Jia Zhang-ke est le plus grand réalisateur chinois, celui qui a vraiment pris à bras le corps la chronique des mutations qui secouent depuis plus de 20 ans son pays. La Chine est le plus grand pays du monde, celui qui est d'ores et déjà appelé à définir notre avenir, qu'on le veuille ou non. Et le cinéma d'Extrême-Orient, du Japon à la Thaïlande, en passant par la Corée, Taïwan et la Chine, est le seul véritable laboratoire formel du cinéma depuis la fin des années 90. C'est dire le niveau d'attente que l'on peut avoir désormais face à un nouveau film de Jia Zhang-Ke…
Avouons-le d'emblée, "les Eternels" ne fera pas partie des meilleurs films de son réalisateur : le choix de faire refaire au spectateur le périple, déjà contestable, de "Mountains May Depart", en y injectant des morceaux de "A Touch of Sin" (la violence mafieuse qui accompagne la transformation brutale du pays vers une forme de capitalisme inédit) et de "Still Life" (la disparition programmée d'un certain mode de vie, le tout survolé par des OVNIs improbables), s'avère assez déroutant.
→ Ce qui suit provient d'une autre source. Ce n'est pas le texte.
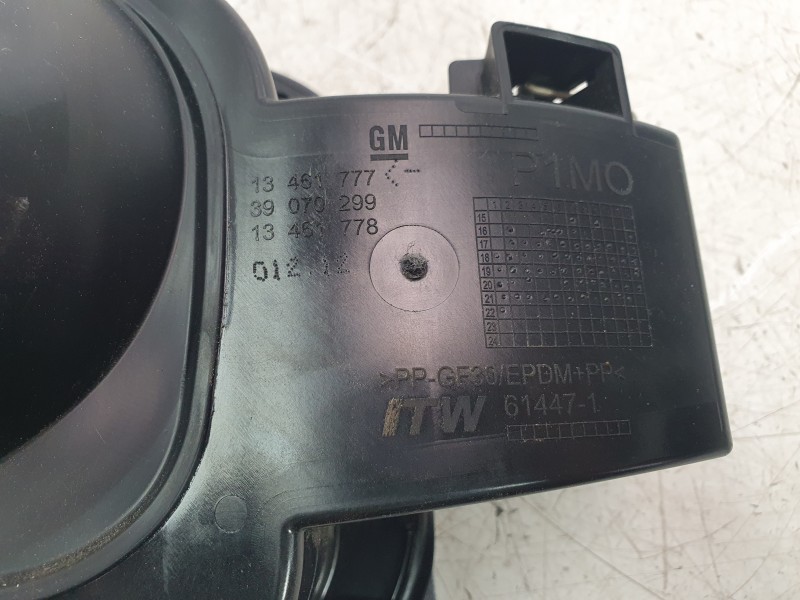 Recambio de tapa exterior combustible para opel crossland x / crossland (p17, p2qo) 1.2 (75) referencia OEM IAM 13461777 / 39079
Le spectateur familier de Jia Zhang-ke est donc en terrain balisé, et même si la démonstration faite ici de l'incompatibilité entre tradition chinoise et brutalité de la technologie et de l'avidité capitaliste est formidablement pertinente, il pourra juger le film un peu court.
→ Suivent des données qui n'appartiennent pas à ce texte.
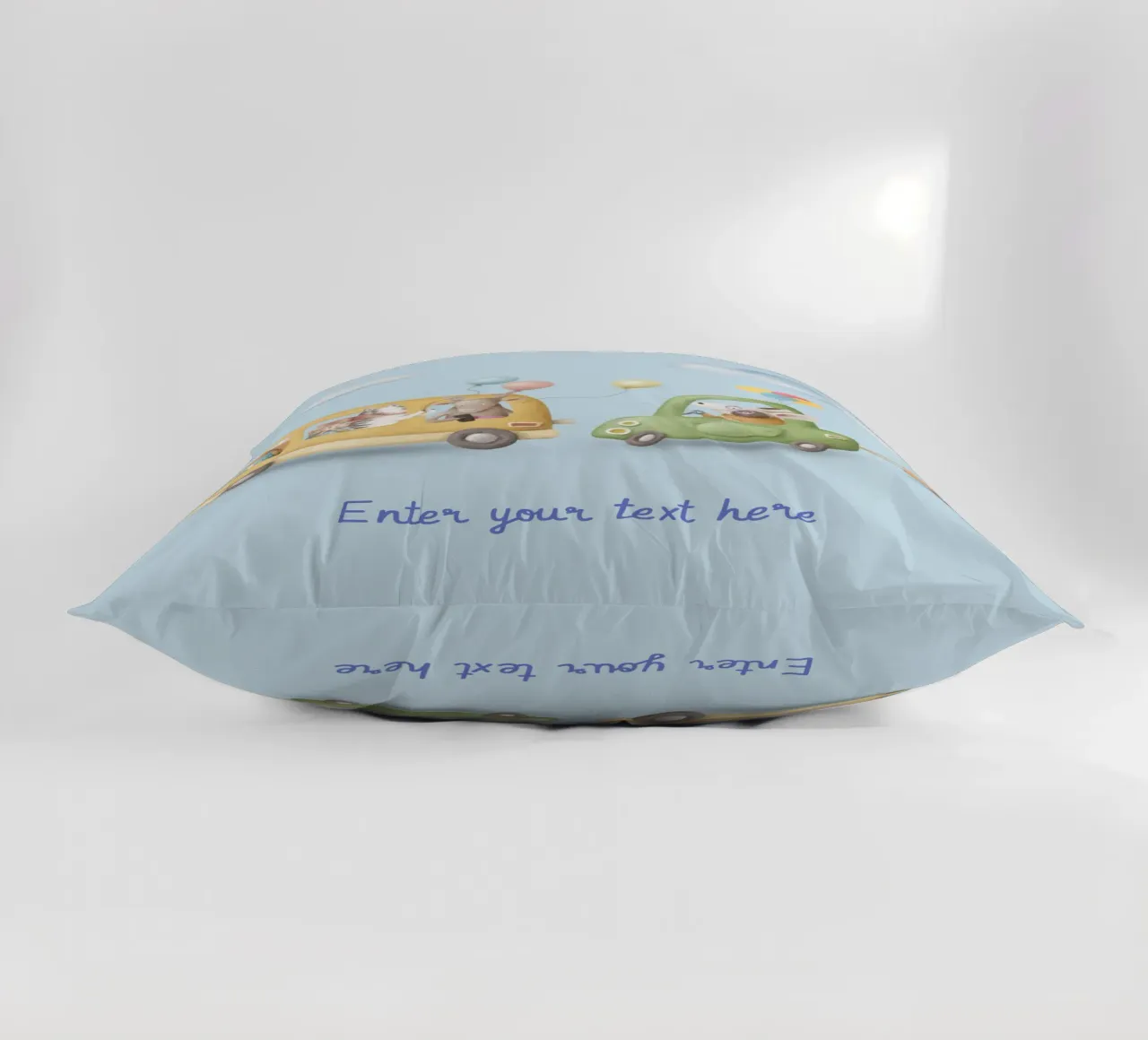 Ruote e baffi cuscino da Doodle Dreams Art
Pourtant, Jia Zhang-ke nous offre ici une célébration indiscutable de la Femme - représentée par son épouse Zhao Tao, quasi de tous les plans -, évoluant au long des presque 20 ans de la fiction de la fascination pour la brutalité masculine à la prise en main résignée de sa destinée. Personnage puissant, survivant à la déliquescence de la société chinoise tandis que l'homme, lui, devient de plus en plus ridicule et insignifiant (au milieu des grands espaces vides de l'urbanisme contemporain, ou bien brandissant son smartphone pour essayer de capturer quelque chose de ce qui se passe), la Femme reste pourtant, de par sa fidélité à la structure sociale traditionnelle, condamnée à être effacé du futur. Ce n'est pas pour rien que les derniers plans du film la montrent elle aussi virtualisée par les écrans de surveillance…
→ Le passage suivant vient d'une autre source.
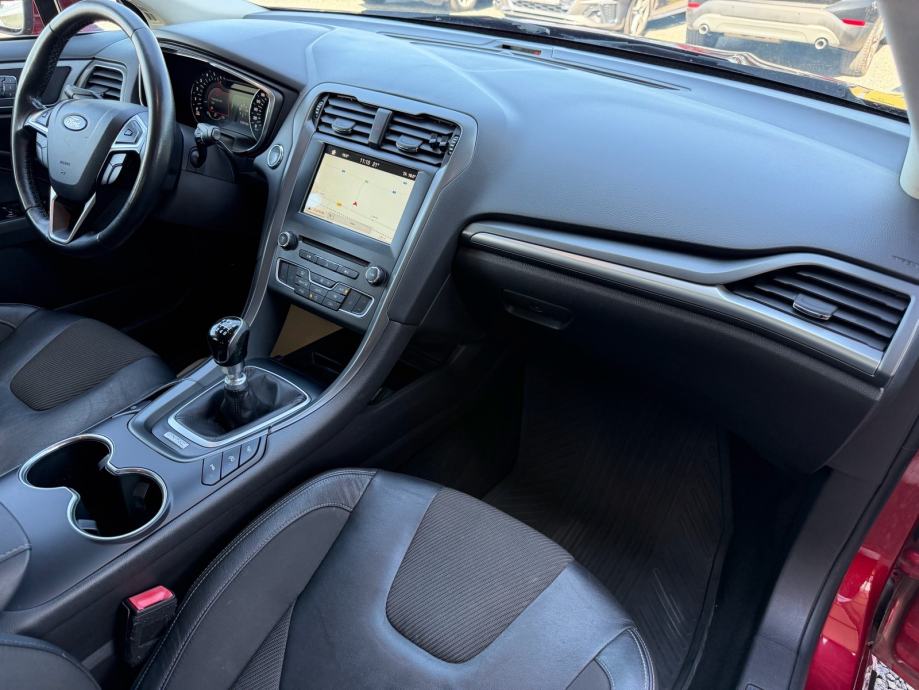 Ford Mondeo 2.0 TDCi Titanium, fotografija 15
Pour Jia Zhang-ke, qu'on a rarement connu aussi pessimiste qu'ici, l'Amour ne peut plus exister, il a été tué par le matérialisme triomphant, mais l'être humain lui-même est bien mal en point. C'est sans doute là que "les Eternels" perd ses spectateurs, dans cette errance grisâtre et sans issue d'une fin sans appel : l'avenir de la Chine est sombre, ce qui ne présage rien de bon pour le monde.
Le cinéma, lui, a encore de beaux jours devant lui, tant qu'il a des choses aussi importantes à nous dire.